Noir sf has become quite the trend in the last few years, with recent Hugo winners Yiddish Policeman’s Union and The City & The City doing rather classic versions of the genre in recent years, among others. It makes a lot of sense, as the genre has always been about introducing a new world – whether it’s the criminal underworld of LA or San Francisco in the 1940s or a fictional bifurcated city in Eastern Europe, these gritty stories let the reader explore a place they’re probably not familiar with in a manner that’s almost anthropological. We get to learn the laws, the leadership structure, probably a bit of history, and the social mores, all at their rawest. Beukes novel fits nicely into this emerging trend, and, at least as far as North American readers like myself are concerned, it gets to do double duty. It introduces us to the criminal underworld of modern South Africa, with its violent tsotsis, refugees from horrific African wars from Rwanda to Congo, and 419 scams. But, it also gives us a fantasy element of animal familiars that attach themselves to certain people and grant magic powers (African myth and magic lurks behind most of these ideas). In Johannesburg, these people have been segregated into a slum called “Zoo City.”
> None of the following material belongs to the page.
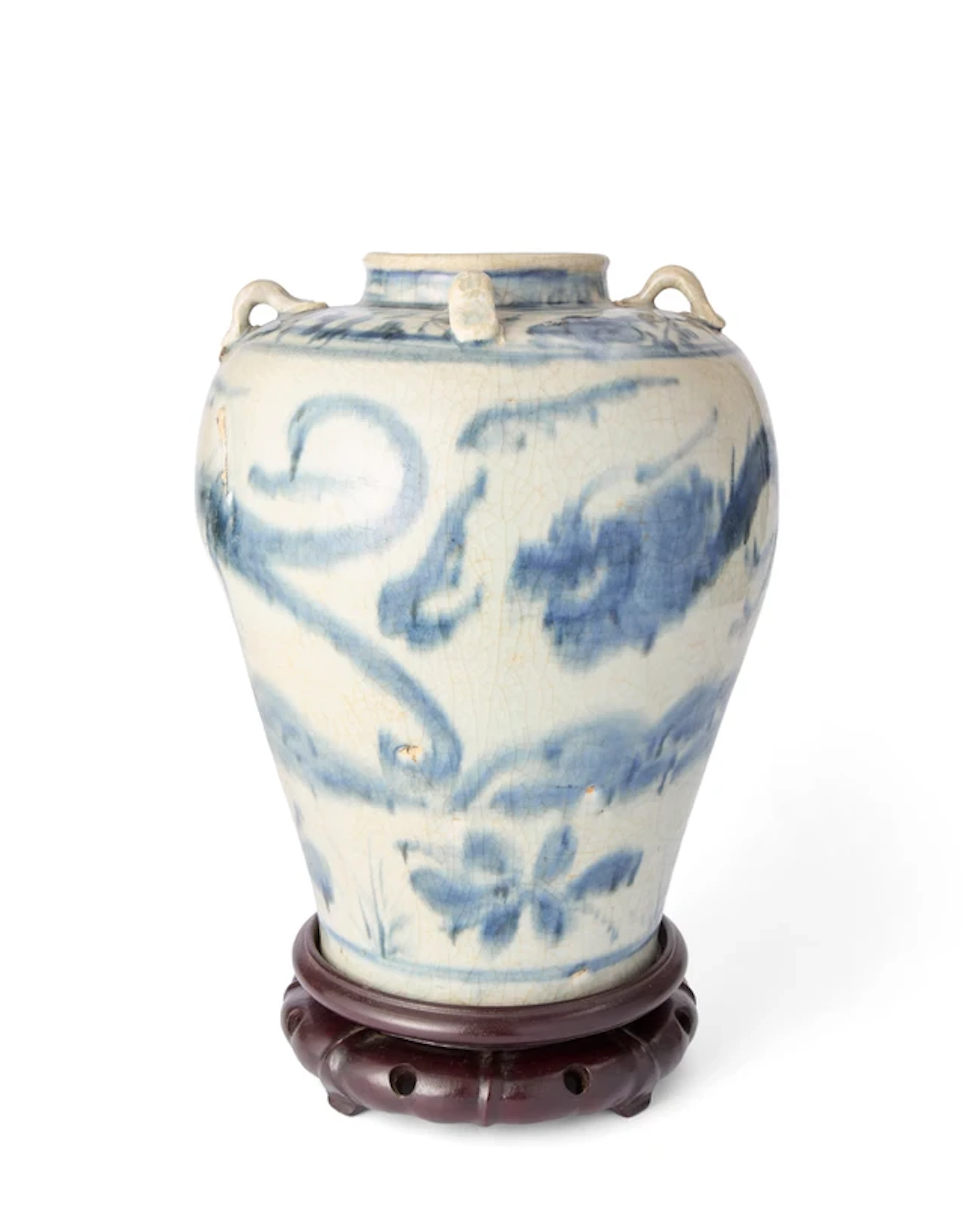 A large Chinese Zhangzhou blue and white jar Ming dynasty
Zinzi December is “animaled” with a sloth, and she’s gained the power to find things that people have lost, which she uses to do cheap detective work in Zoo City. She used to be a journalist, but drug addiction put her into a life of crime, and landed her in jail then in Zoo City. She still works email scams to pay off some of her debts. Meanwhile, her refugee boyfriend learns and reveals some things about his own past that begin to disrupt Zinzi’s life. In an effort to work her way back into her former career, she takes a bigger case involving a pair of young pop stars that also brings her into contact with a string of murdered "zoos." These plots begin to intertwine as the usual gritty, ultraviolent noir hijinks ensue.
There’s a lot to like about this novel. Beukes’s writing is strong, Zinzi is a very compelling character, and the sociological details she’s invented for the zoos are well-thought out and compelling. She’s done exactly the sort of world-building that I want from a fantasy novel. Her portrait of Johannesburg is also quite rich, and I think I would’ve enjoyed this novel almost as much without the fantasy elements. On the other hand, I did think the fantasy elements were underplayed at times. The novel goes for long periods in which the animals aren’t much of an issue, and the pop star storyline especially felt off topic for most of its run. Beukes has a lot more she can do with this concept, and I almost wondered near the end if she was holding material back for a sequel. Some of the noir stuff can get a bit generic as well. In the end, I’m not sure the novel is as unique as its concept and world promise. It’s certainly a worthwhile urban fantasy read though, and at the least, it shows how much can be done with the sub-genre without resorting to vampires and werewolves.